> EXERCISE AIM:
Scan the records below for the line with "Gorąca noc przed hotelem – autobus w ogniu" and the line with "Portretfoto van Inbal Abir", and retype that range exactly, both ends included, pictures excepted.

> SUPPLIED RECORDS:
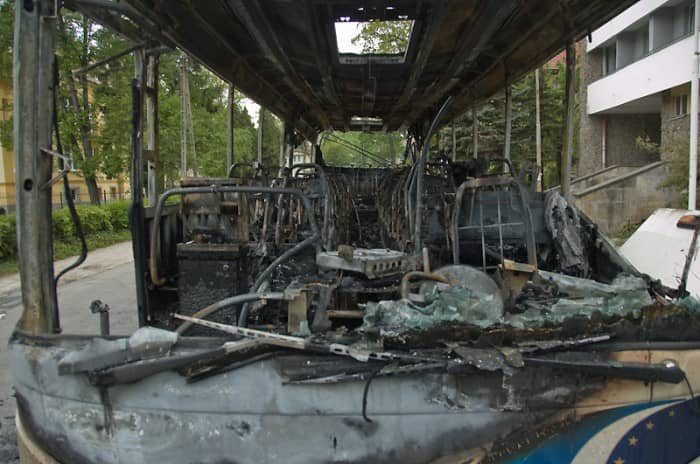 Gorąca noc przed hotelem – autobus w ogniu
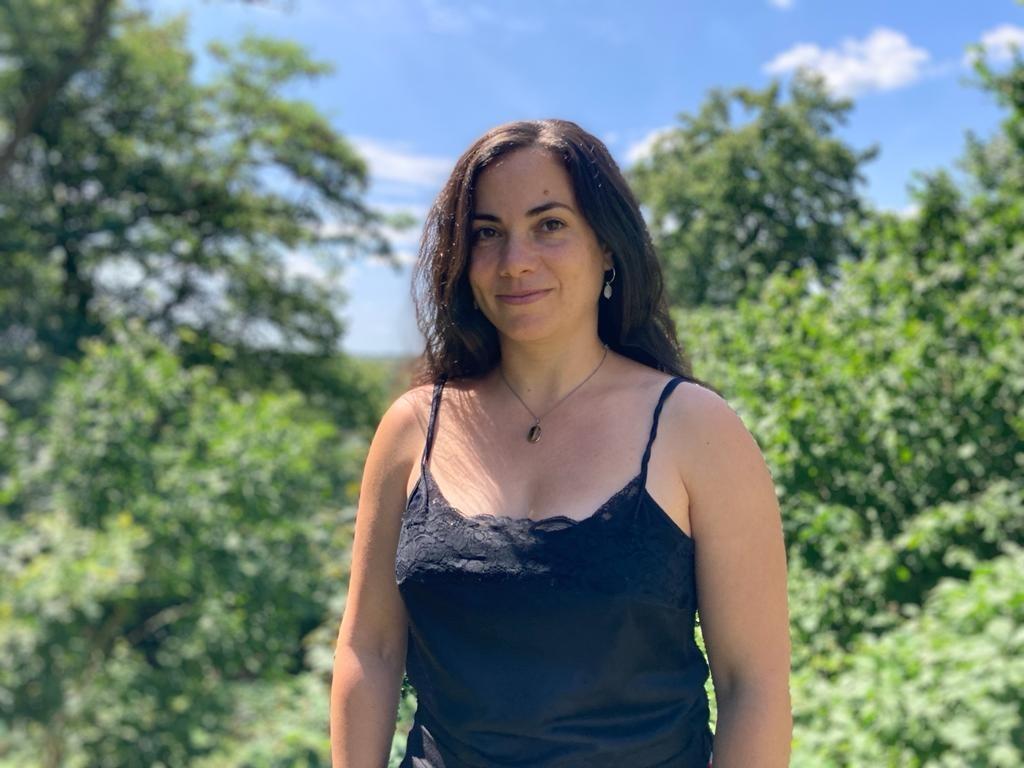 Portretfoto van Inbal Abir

...

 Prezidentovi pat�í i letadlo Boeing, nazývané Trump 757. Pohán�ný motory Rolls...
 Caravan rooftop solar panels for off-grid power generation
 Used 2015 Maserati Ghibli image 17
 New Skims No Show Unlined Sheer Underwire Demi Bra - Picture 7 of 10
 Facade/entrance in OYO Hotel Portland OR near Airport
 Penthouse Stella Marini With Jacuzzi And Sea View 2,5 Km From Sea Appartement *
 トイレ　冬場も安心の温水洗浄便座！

> ANSWER FOR THIS EXERCISE:
 Gorąca noc przed hotelem – autobus w ogniu
 Portretfoto van Inbal Abir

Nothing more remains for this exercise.